Our continuous integration efforts came crashing down around our ears yesterday. Our build started failing on Wednesday evening, after someone checked in a ton of changes all at once (not very continuous, I know). That turned into a snowball of issues that took Scott and I all day yesterday to unravel. Even after we'd fixed all the consequences of such large code changes (that was done maybe by noon) things continued not to work. To make matters more dicey, at some point during the day our CVS server went TU, and had to be rebooted. Builds continued to fail, mostly with weird timeout problems.
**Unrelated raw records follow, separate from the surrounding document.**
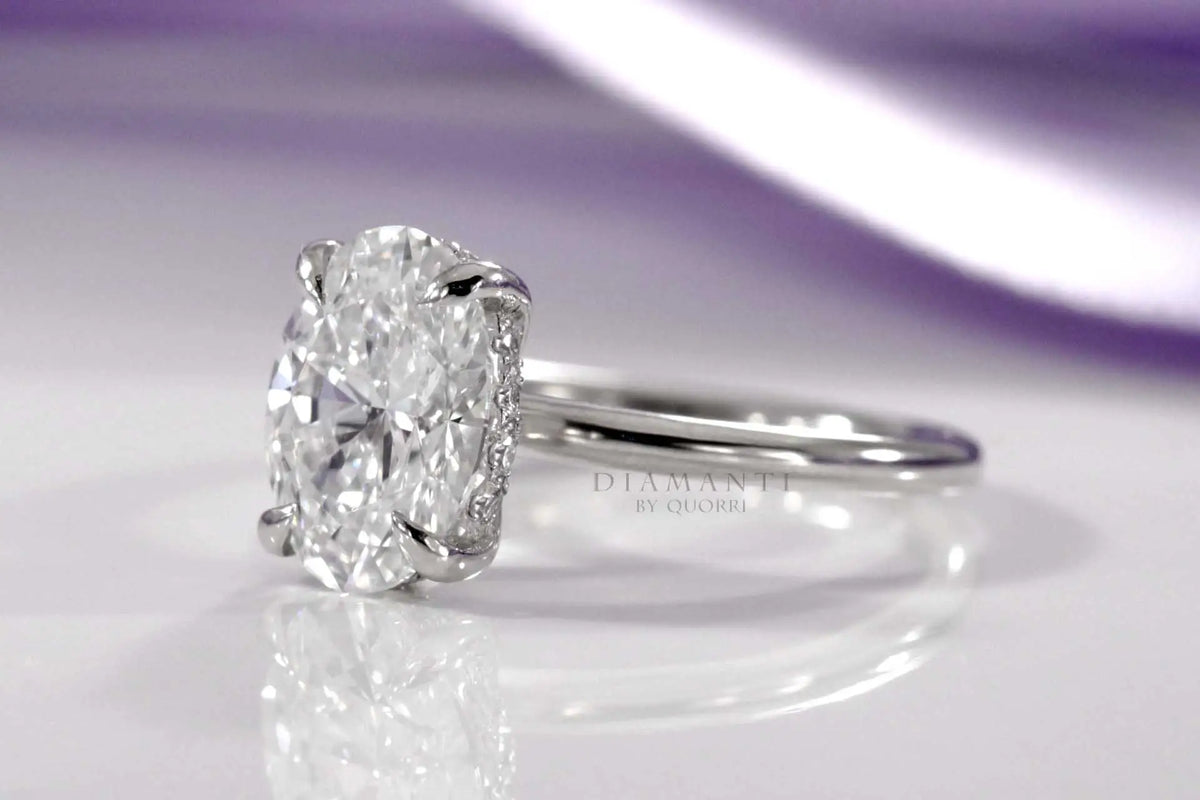 claw prong under-halo oval lab diamond engagement ring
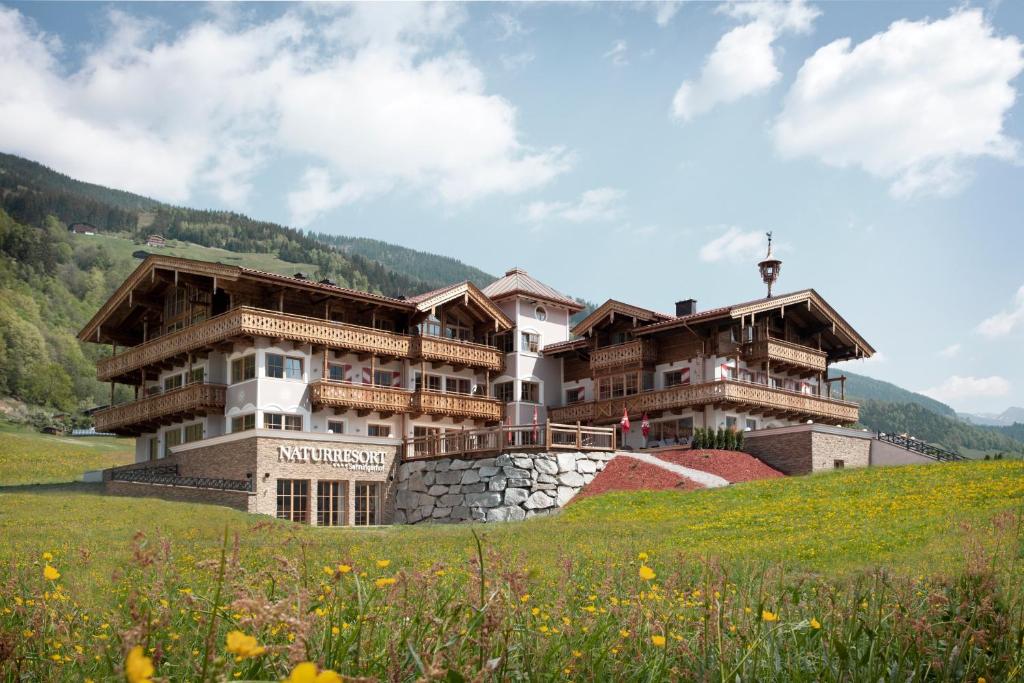 un grand bâtiment sur une colline dans un champ dans l'établissement Naturresort Senningerhof, à Bramberg am Wildkogel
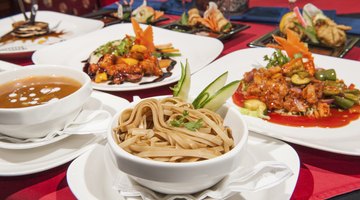 Three People Enjoying a Meal in a Chinese Restaurant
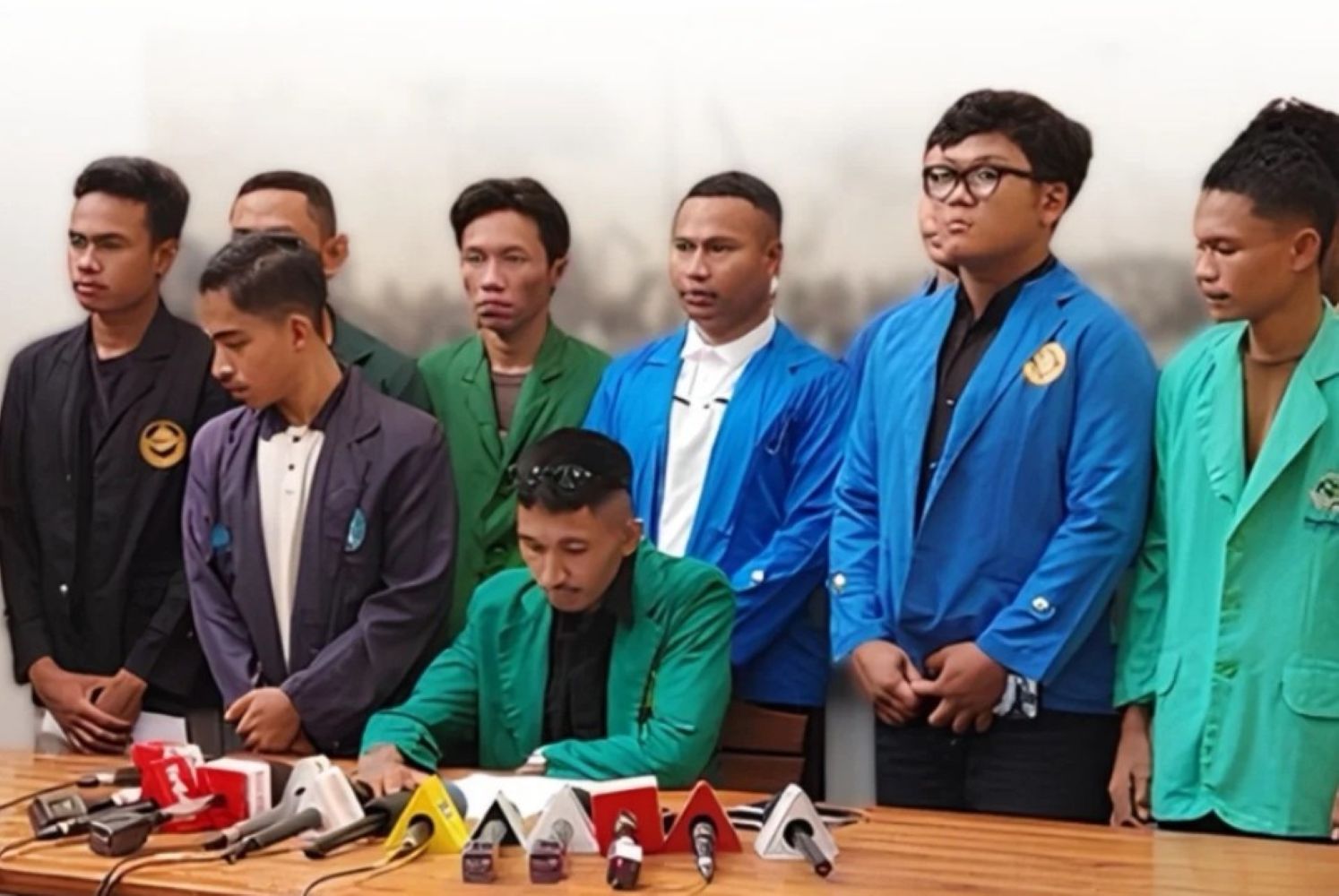 Man in a green blazer signs a document at a press conference while eight colleagues in colorful jackets stand behind him, microphones on the table.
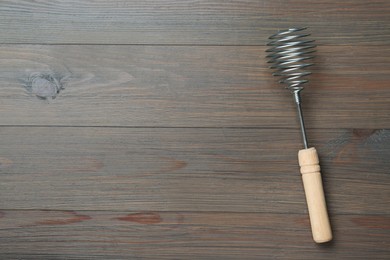 Photo of One metal whisk on wooden table, top view. Space for text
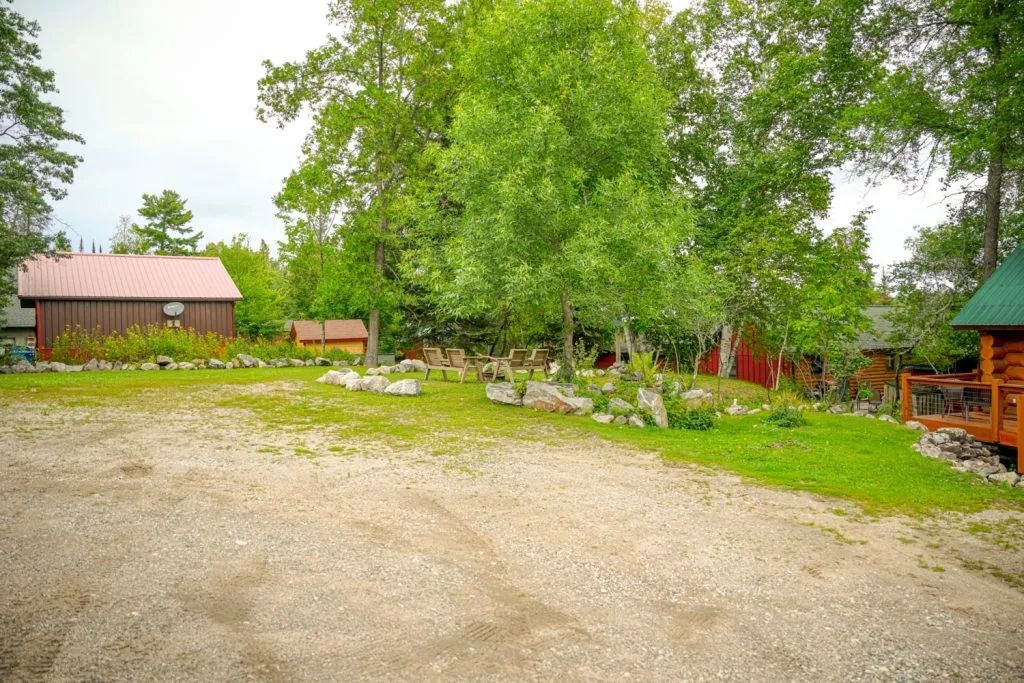 A dirt road leading to a log cabin in the middle of a lush green field.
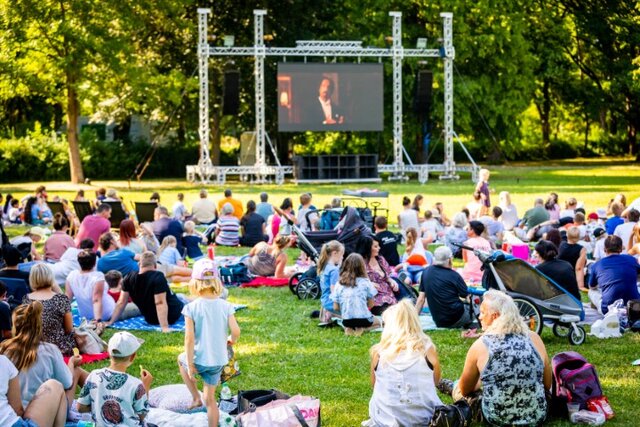 Titel: KJP-Familiensommerkino im Stadtpark Sömmerda Viele Besucherinnen und Besucher sitzen bei sommerlichem Wetter auf Decken und Campingstühlen im Stadtpark Sömmerda. Im Hintergrund ist die Leinwand des KJP-Familiensommerkinos zu sehen.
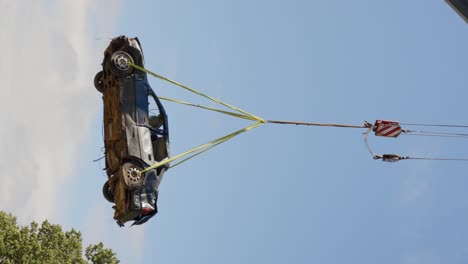 Vertical-video-of-car-wreck-being-lifted-for-recycling-against-blue-sky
We were also seeing lots of locks being held open which was slowing down the build, contributing to the timeouts, etc.
We ended up building manually just to get a build out, which was suboptimal but necessary.
Thankfully, Scott was able to track down the problem last night. Turns out that when the CVS box went down, our build server was in the middle of a CVS "tag" operation, a.k.a. labeling. That left a bunch of crud on the CVS box that meant that subsequent tagging operations failed miserably, thus causing the timeouts, etc. A few well placed file deletions on the CVS server cleaned things up, and we're (relatively) back to normal now.
While I think that continuous integration is a fabulous idea, it's times like these that bring home just how many things have to go right at the same time for it to work. What a tangled web we weave.